**PROVIDED RECORDS:**
☆ ☆ ☆ ☆ ☆ ☆ ☆
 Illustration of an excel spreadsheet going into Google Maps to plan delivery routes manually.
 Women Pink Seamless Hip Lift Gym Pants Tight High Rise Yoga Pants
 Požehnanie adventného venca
☆ ☆ ☆ ☆ ☆ ☆ ☆
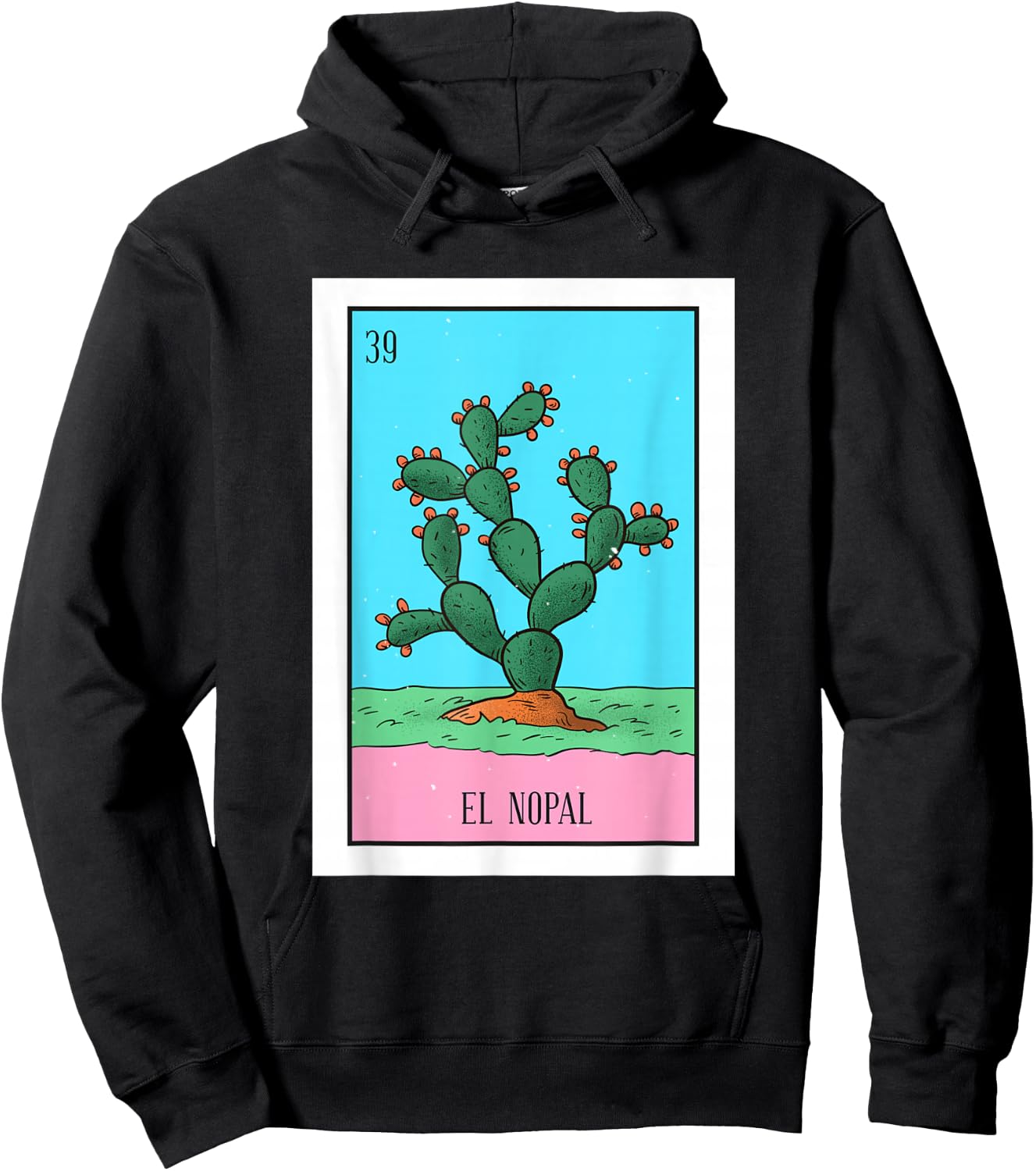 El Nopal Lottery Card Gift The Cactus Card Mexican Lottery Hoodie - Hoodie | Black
☆ ☆ ☆ ☆ ☆ ☆ ☆
**TASK STATEMENT:** Above are the records; repeat exactly the lines from the one holding "Women Pink Seamless" down to the one holding "Požehnanie adventného venca", end lines included.

**ANSWER TO THIS EXERCISE:**
 Women Pink Seamless Hip Lift Gym Pants Tight High Rise Yoga Pants
 Požehnanie adventného venca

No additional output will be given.